Work instruction: In the records below, the relevant part opens with the line containing "Rena- Bright And" and closes with the line containing "11051 W 33rd"; print that part exactly and only, without its pictures.

Records provided:
========================

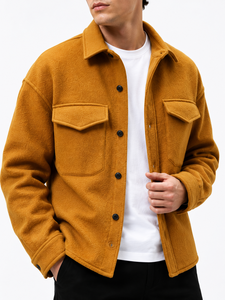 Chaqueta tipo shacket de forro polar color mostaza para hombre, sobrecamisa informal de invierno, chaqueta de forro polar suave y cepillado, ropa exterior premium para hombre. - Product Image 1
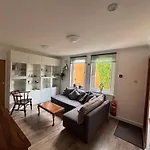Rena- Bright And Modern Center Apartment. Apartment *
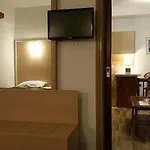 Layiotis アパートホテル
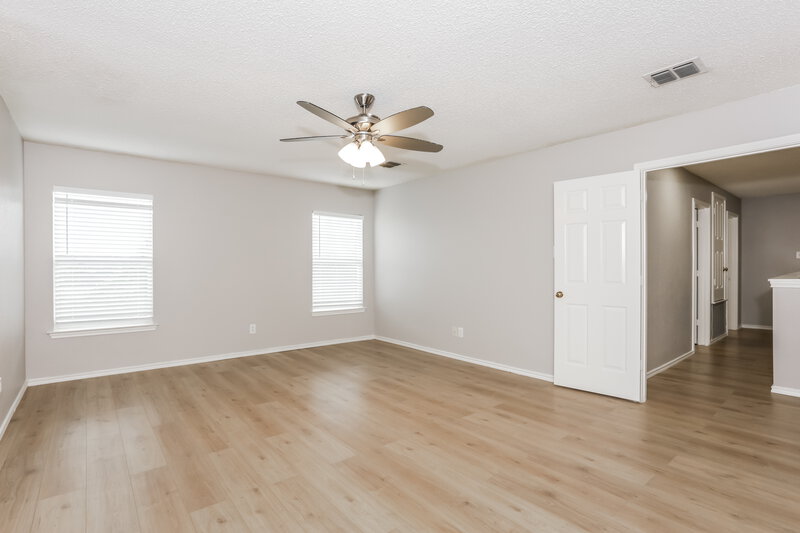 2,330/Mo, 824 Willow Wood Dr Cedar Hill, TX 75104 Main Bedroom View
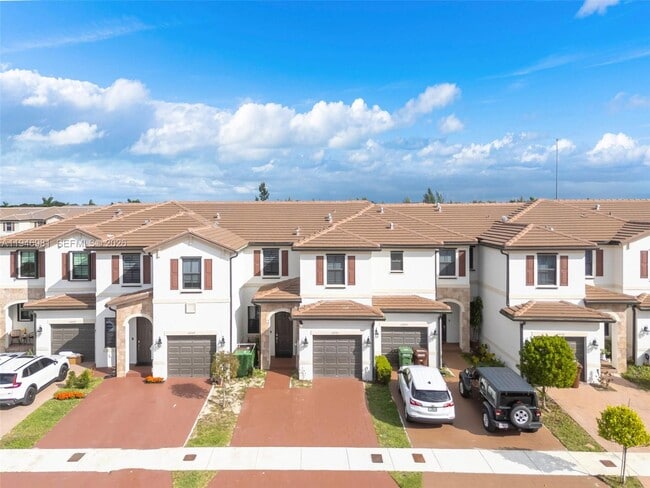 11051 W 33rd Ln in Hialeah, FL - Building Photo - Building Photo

========================

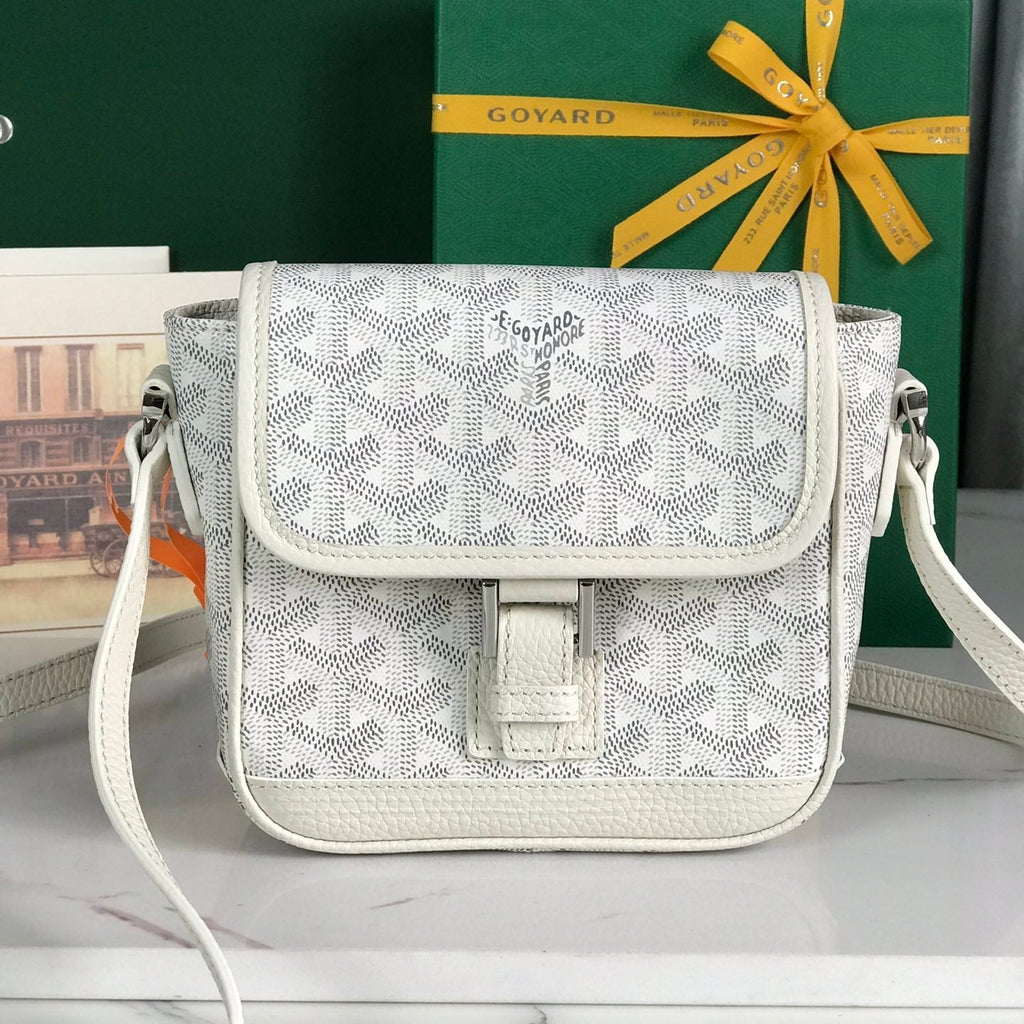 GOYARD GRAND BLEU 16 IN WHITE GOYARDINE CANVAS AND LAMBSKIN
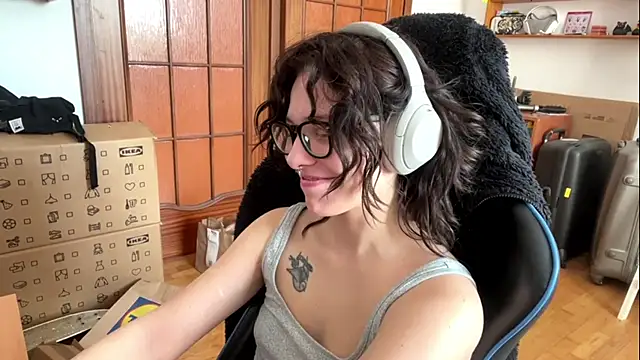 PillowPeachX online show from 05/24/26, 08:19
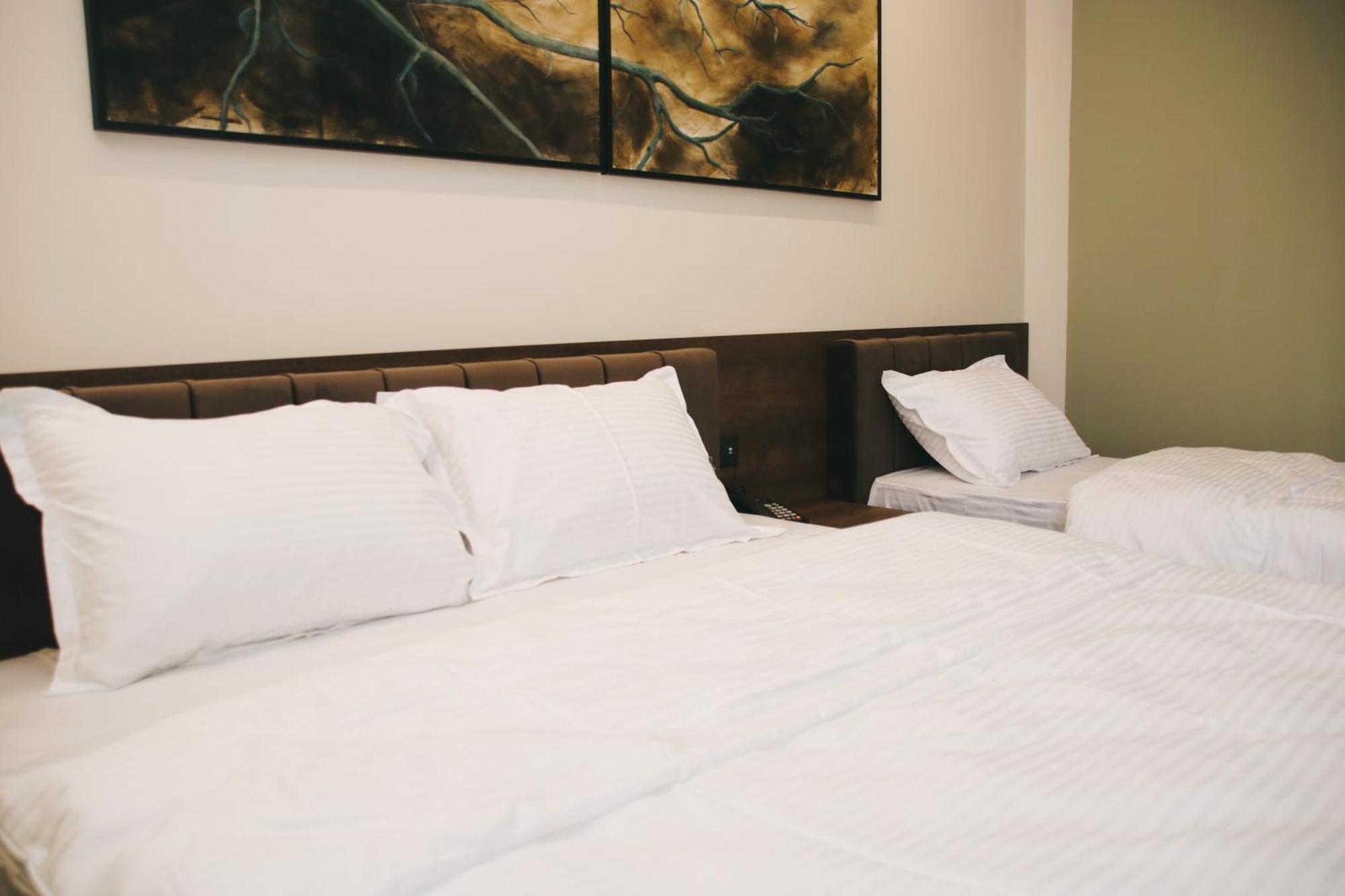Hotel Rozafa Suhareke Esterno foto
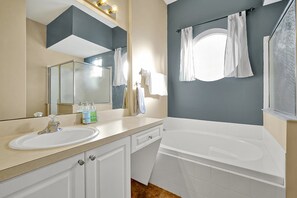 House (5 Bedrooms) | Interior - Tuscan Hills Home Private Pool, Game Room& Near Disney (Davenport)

========================

Answer to this problem:
Rena- Bright And Modern Center Apartment. Apartment *
 Layiotis アパートホテル
 2,330/Mo, 824 Willow Wood Dr Cedar Hill, TX 75104 Main Bedroom View
 11051 W 33rd Ln in Hialeah, FL - Building Photo - Building Photo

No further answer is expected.